Since the Romanian people has an inborn wit and is a champion in inventing jokes, the first jokes on the ‘silence’ of the president have appeared: ‘he writes faster than he speaks’ – an allusion to the fact that the president is already getting ready to release his second book after the ‘Step by Step’ bestseller released in the autumn, which broke all selling records.
The most pertinent explanation for the ‘presidential silence’ came from Klaus Iohannis himself Monday night, during the press conference after the talks with the political parties on the electoral reform.
Asked if he was aware of the phrase ‘the president who is silent’ and the fact that he was being criticised for his hyper-activity on social media networks to the detriment of live activity in the public space, the head of state answered with humour: ‘I haven’t really been that silent today’. And then he came up with a brilliant retort: the president must have the courage NOT to express himself on absolutely everything’.
Most definitely Mr.
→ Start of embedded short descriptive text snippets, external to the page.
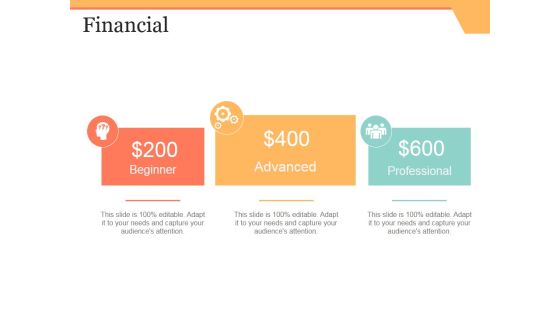Financial Ppt PowerPoint Presentation Outline Background Images Financial Ppt PowerPoint Presentation Outline Background Images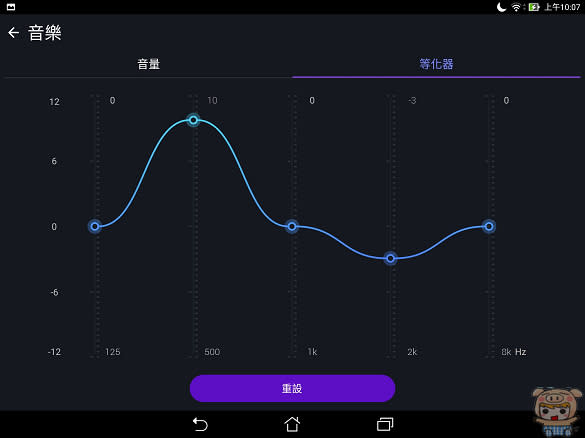 劇神器再進化 給您閃電般效能驚豔影音體驗 王者之選 ASUS ZenPad S 8.0 Z580CA 超級平板 開箱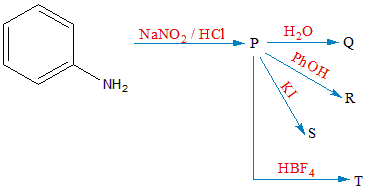 Figure for Q26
Iohannis is fed up with the ‘advice’ and ‘teachings’ of his predecessor who never misses an opportunity to ironically pick on him with things such as… ‘I would have done this and that if I were in his place’…
With a different kind of behaviour of the ‘he shuts up and acts’ type , unlike the laud style of the former president, Iohannis did not answer the provocation of the journalist who reminded of something Basescu had recently said that he had not been that active and vocal in the matter of the Romanian national kidnapped in Burkina Faso. Klaus Iohannis answered in his characteristic style: ‘I don’t think I personally need to comment on absolutely every event’.
But he noted that he had been in contact with the crisis cell every day and was always aware of news and developments in the unfortunate case, alluding that the important things were happening in the background without him necessary coming to the front and posing in an omniscient and picker of victory laurels, as Basescu was doing. ‘I don’t need to come to the microphone and tell people what to do, they know what they need to do’, the president said.
Indeed, the non-pronunciation on every occasion is an act of major courage assumed by Klaus Iohannis and he deserves all congratulation on his conduct. There are so many situations that are strictly down to presidential prerogative where he has taken a stance and so far successfully intervened, sending out the right messages to the right addressee, pin-pointing exactly the things that needed to be said and highlighted by a president.
He knows very well that he is not a commentator, but a President, he knows very well his competence and boundaries under the Constitution. In addition, when he has spoken so far, he always spoke well, pertinently and to the point, be it at solemn occasions, or as representative of the country internationally, in relation to the Premier, Parliament or political parties, or during the work report meetings of the institutions competent in the area of justice where he was invited.
Far from being clumsy in the art of conversation as some have suggested, but, on the contrary, being a connoisseur who, like any thoughtful Transylvanian, knows how to best pick his words, in fact Klaus Iohannis says a lot and sends much more when he is silent than he could express in a million of words. It is all about wisdom, decency, dignity, respect for the Constitution and institutions of the rule of law, but also for their professionals and specialists.